Perplexity’s Comet browser tells a different story. The report found zero documented safety evaluations with no third-party testing and sandboxing to isolate the program from the rest of the system. The researchers stated that beyond basic prompt injection mitigations, there were no containment approaches documented anywhere. This missing verification is exactly why Amazon sued Perplexity for allegedly making bots masquerade as human visitors.
HubSpot’s Breeze shows another problem. The platform has all the standard corporate certifications, including SOC2 and GDPR. These look impressive in sales materials, but the study revealed almost no transparency about actual security testing results or methods used. You see this pattern everywhere.

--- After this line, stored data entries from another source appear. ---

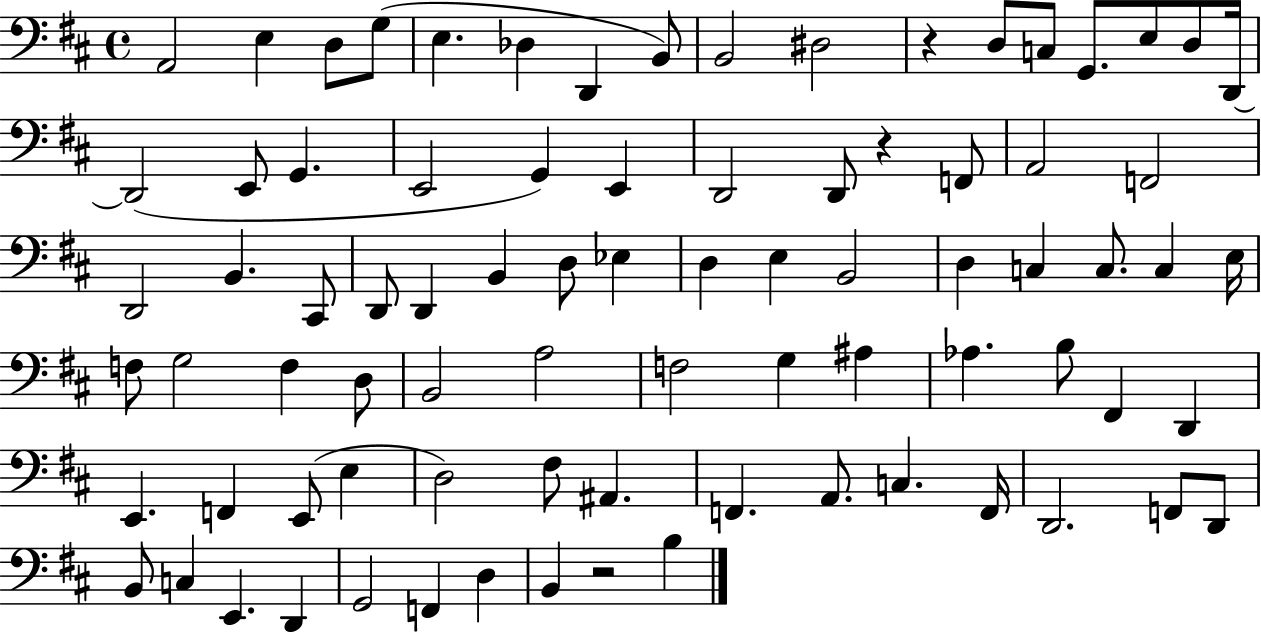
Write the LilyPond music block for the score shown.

{
  \clef bass
  \time 4/4
  \defaultTimeSignature
  \key d \major
  \repeat volta 2 { a,2 e4 d8 g8( | e4. des4 d,4 b,8) | b,2 dis2 | r4 d8 c8 g,8. e8 d8 d,16~~ | \break d,2( e,8 g,4. | e,2 g,4) e,4 | d,2 d,8 r4 f,8 | a,2 f,2 | \break d,2 b,4. cis,8 | d,8 d,4 b,4 d8 ees4 | d4 e4 b,2 | d4 c4 c8. c4 e16 | \break f8 g2 f4 d8 | b,2 a2 | f2 g4 ais4 | aes4. b8 fis,4 d,4 | \break e,4. f,4 e,8( e4 | d2) fis8 ais,4. | f,4. a,8. c4. f,16 | d,2. f,8 d,8 | \break b,8 c4 e,4. d,4 | g,2 f,4 d4 | b,4 r2 b4 | } \bar "|."
}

Enterprise platforms check all the compliance boxes on paper, then refuse to share details about how their AI logic works or how secure it really is.
Burden of Safety Falls on the Developer’s Shoulders
We are currently in a grace period where we haven’t seen a massive, agent-led security breach in the headlines yet, but the MIT data suggests it’s a matter of “when,” not “if.” Without these “in the wild” examples, it’s hard to tell how dangerous these technical gaps actually are.
These agents are human-made tools built, polished, and shipped by people at desks in San Francisco and Mountain View, and the responsibility for their behavior falls on all AI model companies around the world. They’re the ones who have to audit the code, write the manuals, and build in the kill switches. If they don’t tighten things up now, they will find themselves facing a regulatory hammer. The days of letting agents run out of control are numbered.